*Work to be completed*.
Copy the records below exactly as they stand. Leave out the pictures.

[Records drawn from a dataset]
━━━━━━
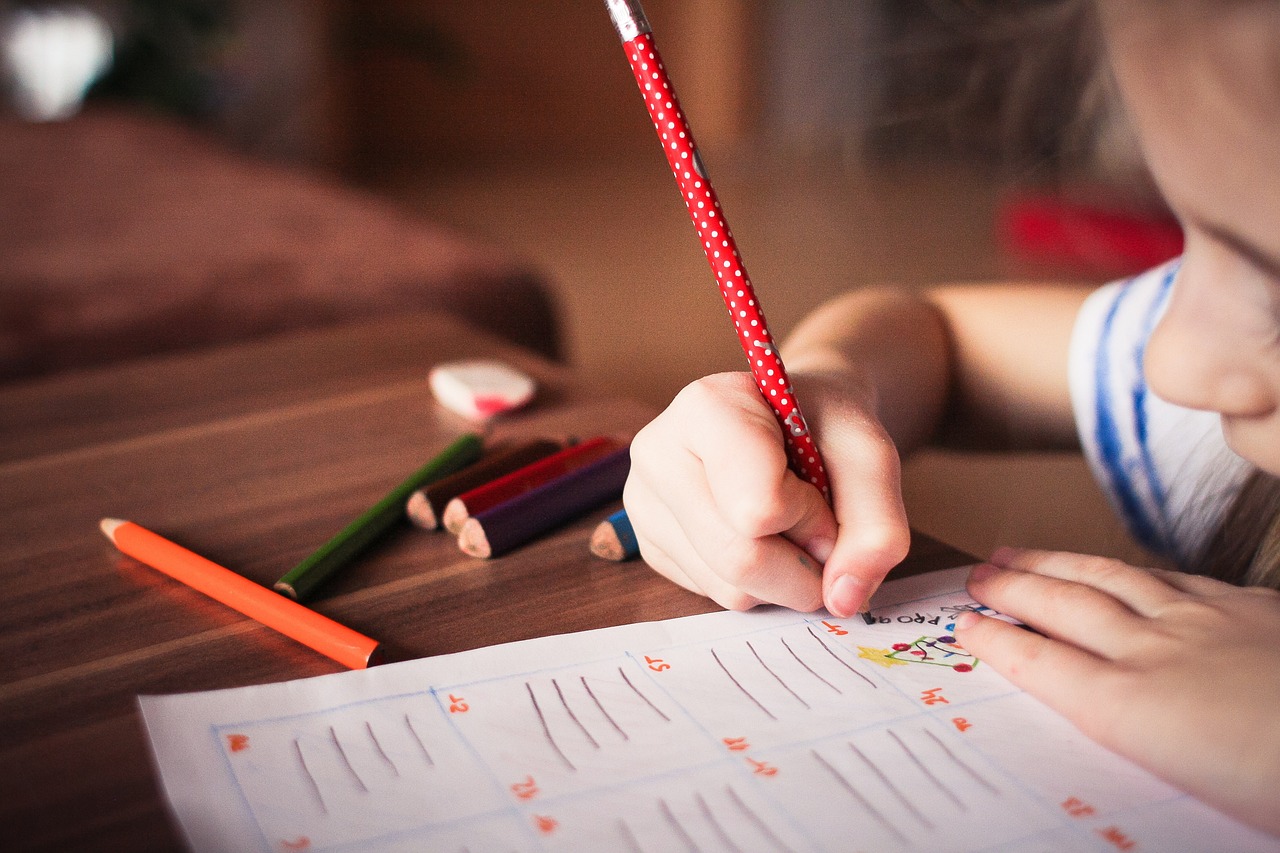 A young girl writes on a piece of paper with a red colored pencil.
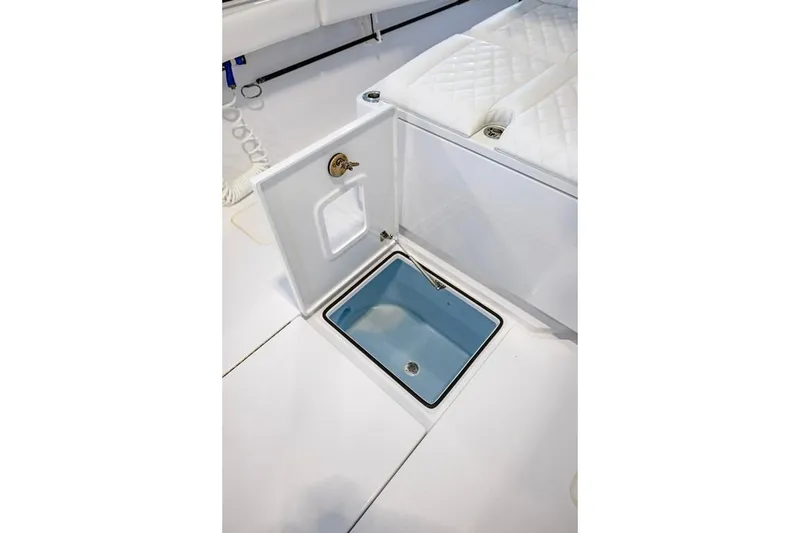 Slide: The Image of 2024 Onslow Bay 37 Tournament boat interior with open storage compartment. - 46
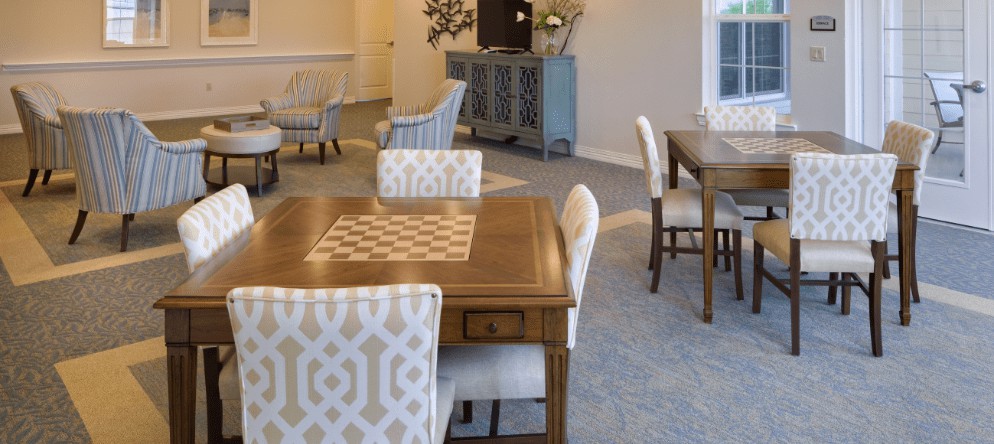 A modern dining area with stylish chairs and a wooden table in a well-decorated living space.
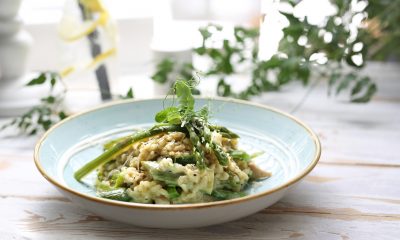 Risotto in a dish on a table. Decorated with foliage.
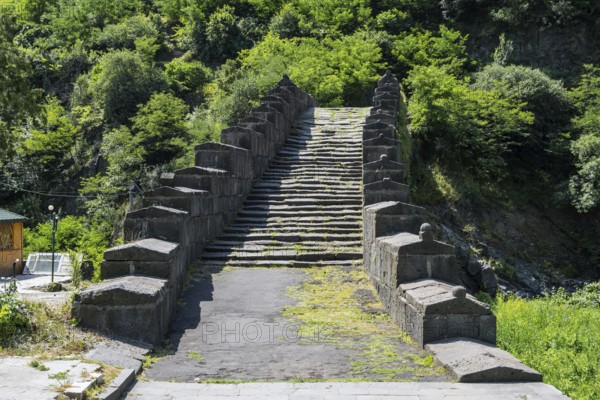 Historic stone staircase leads through a wooded landscape covered with moss, bridge, Sanahin bridge over the Debed river, Alaverdi, Alaverdi, Lorikeet province, Armenia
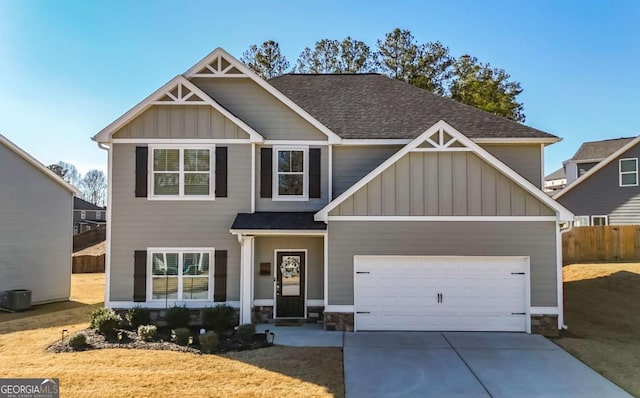 craftsman-style home featuring a front yard and a garage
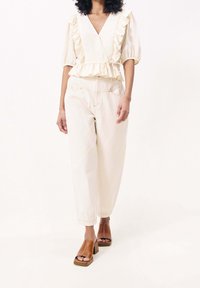 Krämfärgad blus med volanger och djup V-ringning, kombinerad med ljusbeige löst sittande byxor. Bruna sandaler med öppna tår och klack fulländar looken.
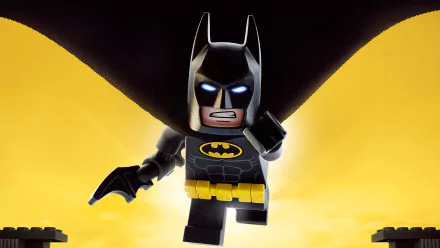 A vibrant HD wallpaper featuring a LEGO Batman figure from *The Lego Batman Movie*, showcasing the iconic hero in a dynamic pose against a striking yellow background.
━━━━━━
*Response to this task*.
 A young girl writes on a piece of paper with a red colored pencil.
 Slide: The Image of 2024 Onslow Bay 37 Tournament boat interior with open storage compartment. - 46
 A modern dining area with stylish chairs and a wooden table in a well-decorated living space.
 Risotto in a dish on a table. Decorated with foliage.
 Historic stone staircase leads through a wooded landscape covered with moss, bridge, Sanahin bridge over the Debed river, Alaverdi, Alaverdi, Lorikeet province, Armenia
 craftsman-style home featuring a front yard and a garage
 Krämfärgad blus med volanger och djup V-ringning, kombinerad med ljusbeige löst sittande byxor. Bruna sandaler med öppna tår och klack fulländar looken.
 A vibrant HD wallpaper featuring a LEGO Batman figure from *The Lego Batman Movie*, showcasing the iconic hero in a dynamic pose against a striking yellow background.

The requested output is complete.